_Problem details_. The output should match, line for line, the records from the line containing "Unisex Cat DILF" through the line containing "WINNIE THE POOH", with every picture left out.

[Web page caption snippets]
________________

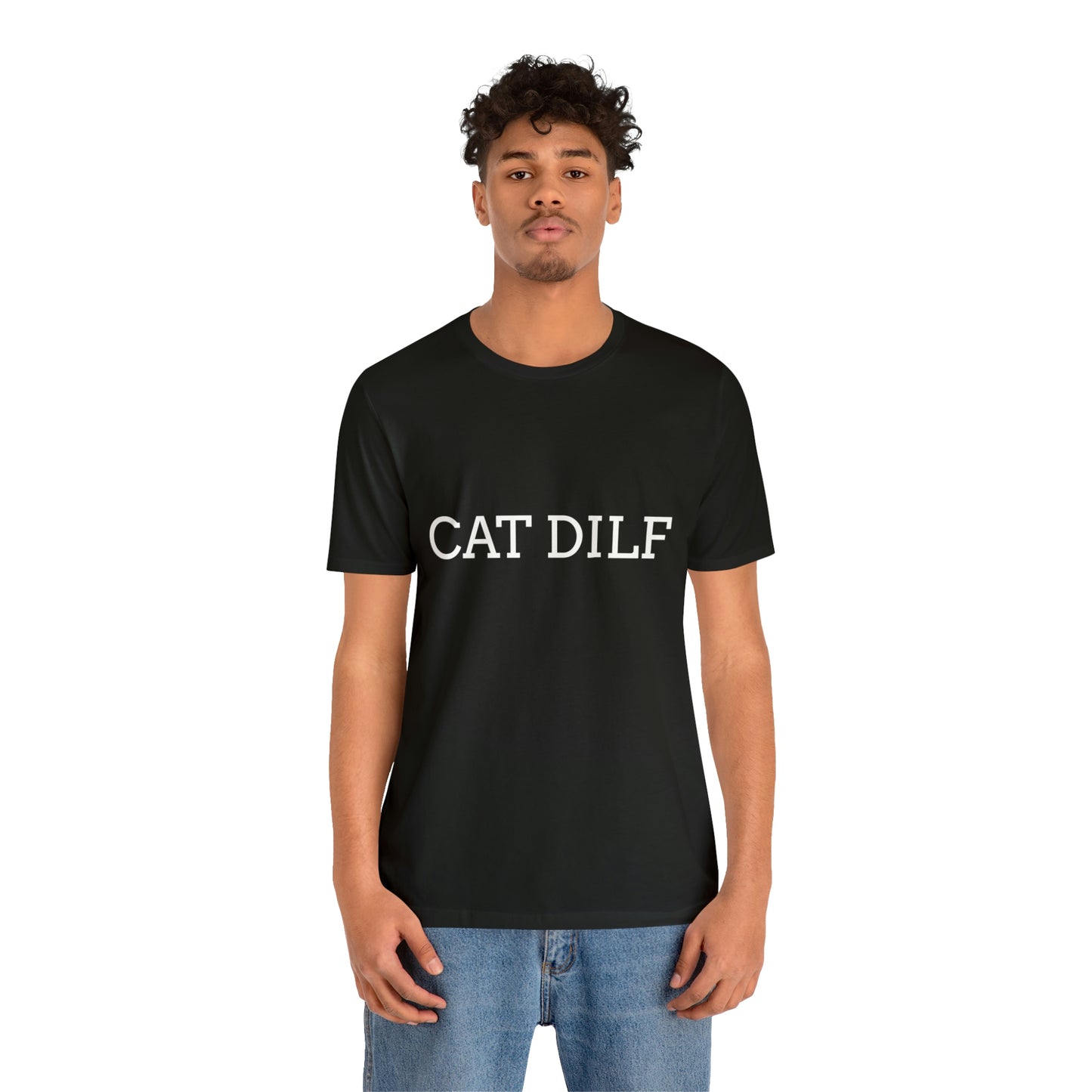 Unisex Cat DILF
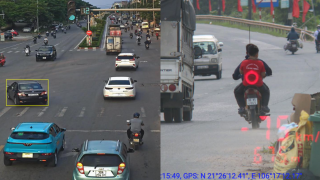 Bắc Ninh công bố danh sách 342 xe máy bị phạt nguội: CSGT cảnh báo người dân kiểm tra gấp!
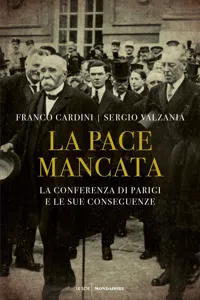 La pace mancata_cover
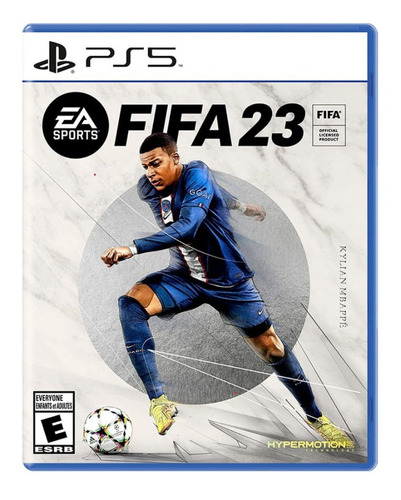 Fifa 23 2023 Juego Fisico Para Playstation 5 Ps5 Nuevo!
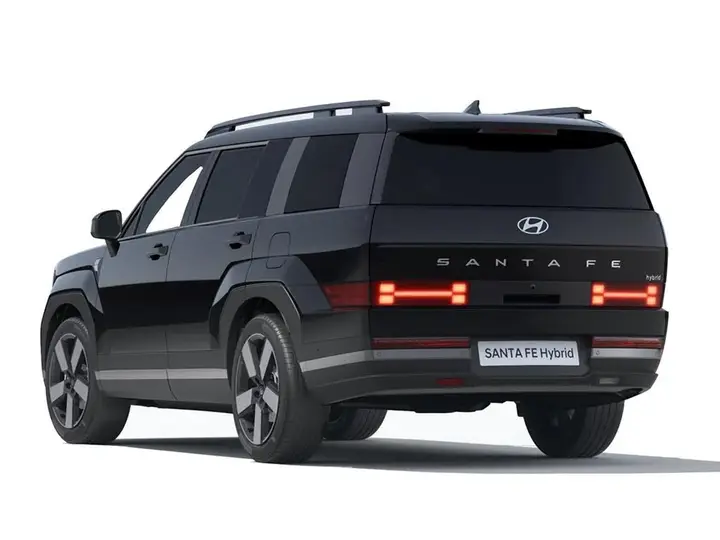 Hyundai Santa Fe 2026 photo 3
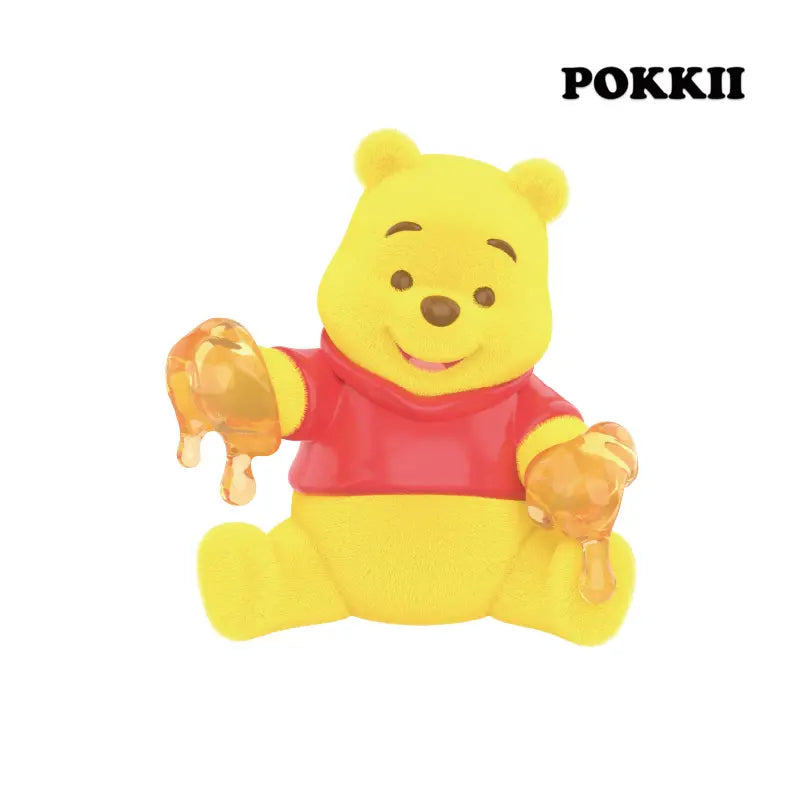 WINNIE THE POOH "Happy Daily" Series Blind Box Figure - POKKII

________________

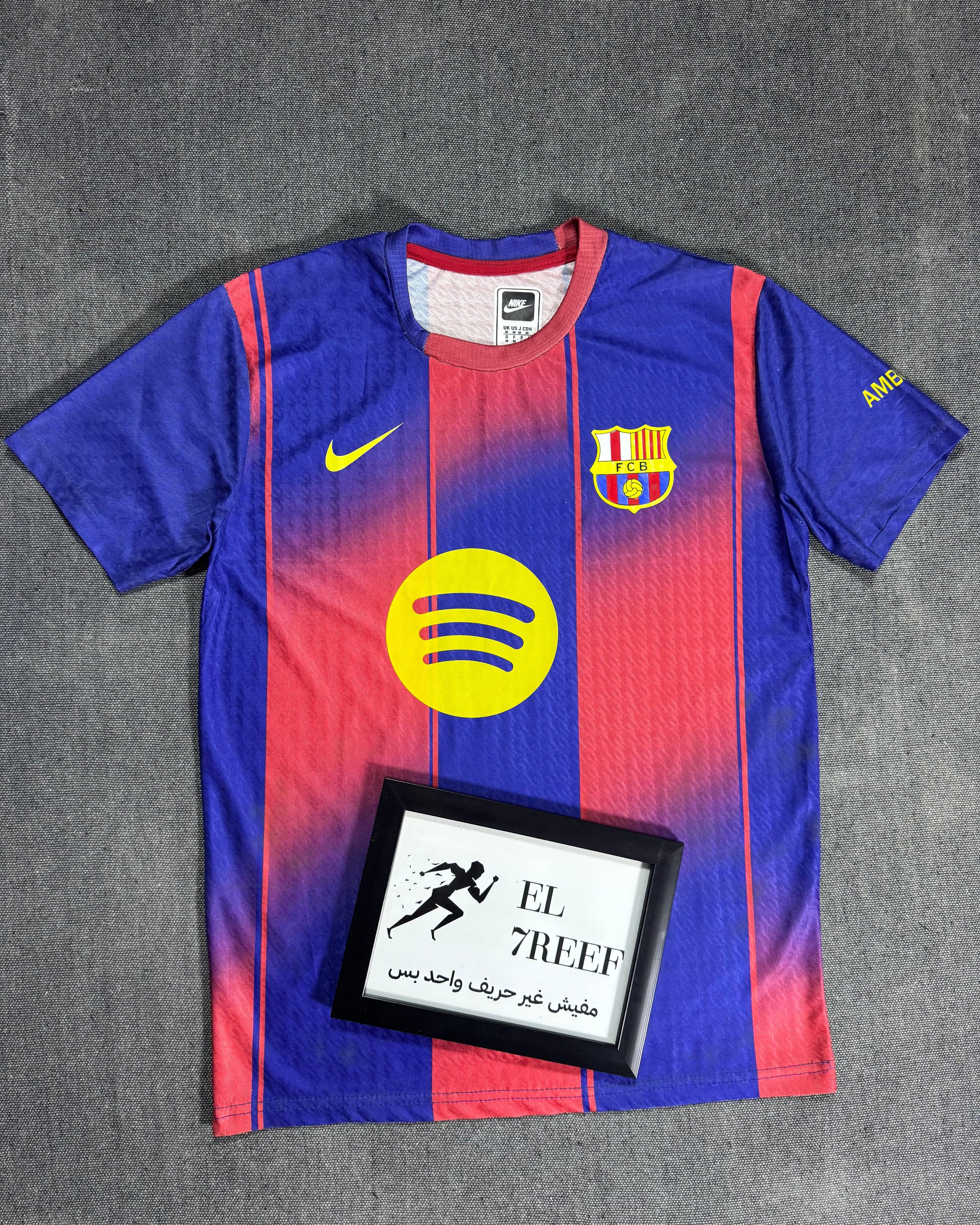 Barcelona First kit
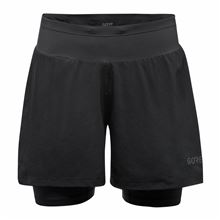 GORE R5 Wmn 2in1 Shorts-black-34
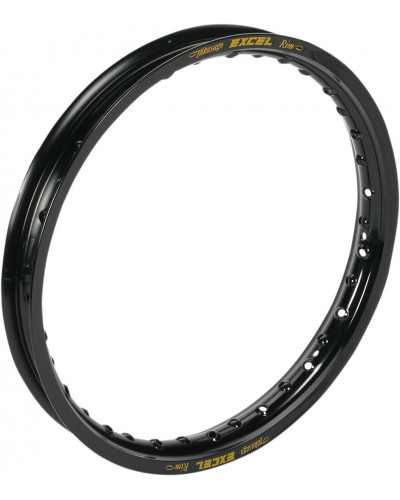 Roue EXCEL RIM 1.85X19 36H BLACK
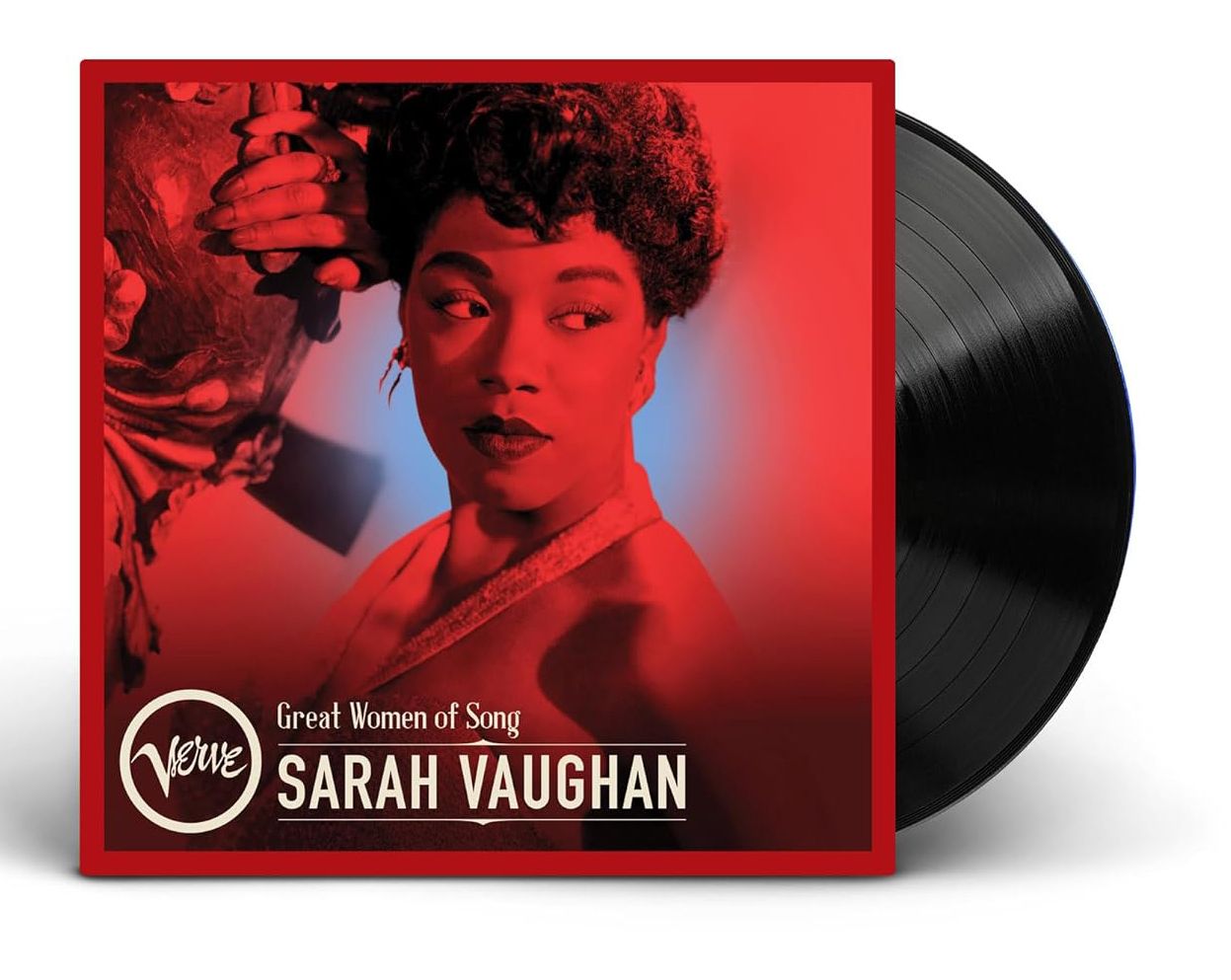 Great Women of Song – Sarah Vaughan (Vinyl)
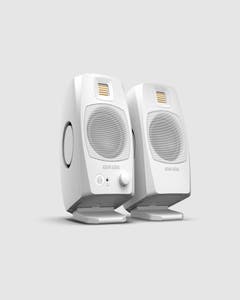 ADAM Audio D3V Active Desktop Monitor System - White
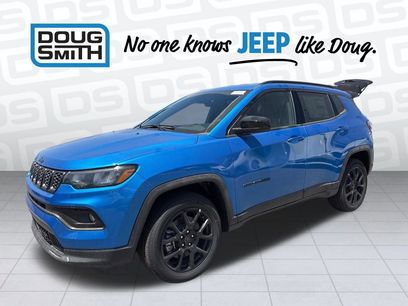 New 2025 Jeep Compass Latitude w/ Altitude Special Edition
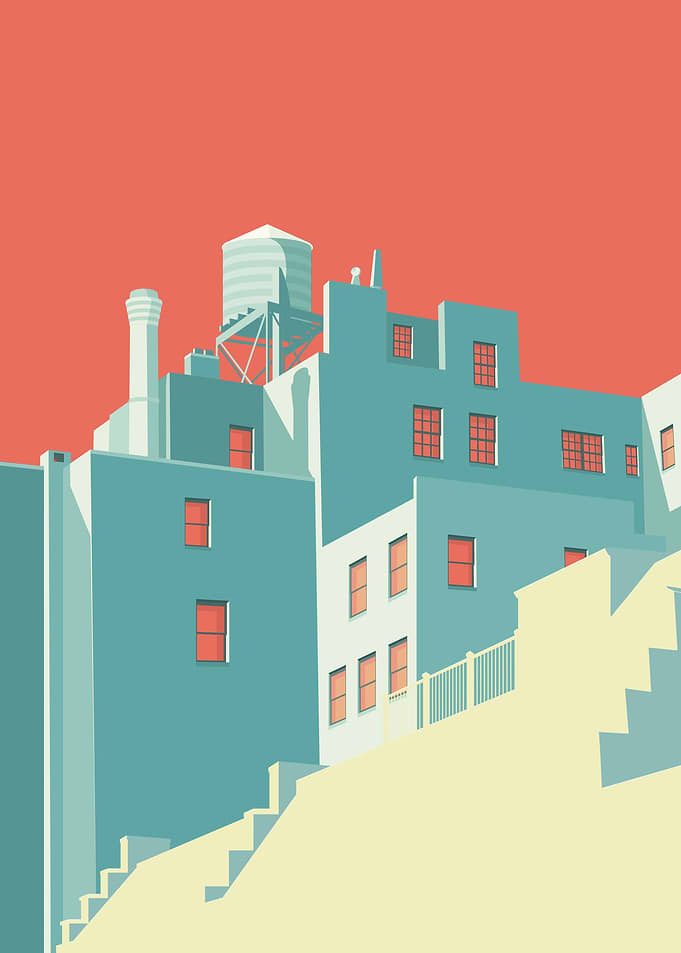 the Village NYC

________________

_Finished exercise_.
 Unisex Cat DILF
 Bắc Ninh công bố danh sách 342 xe máy bị phạt nguội: CSGT cảnh báo người dân kiểm tra gấp!
 La pace mancata_cover
 Fifa 23 2023 Juego Fisico Para Playstation 5 Ps5 Nuevo!
 Hyundai Santa Fe 2026 photo 3
 WINNIE THE POOH "Happy Daily" Series Blind Box Figure - POKKII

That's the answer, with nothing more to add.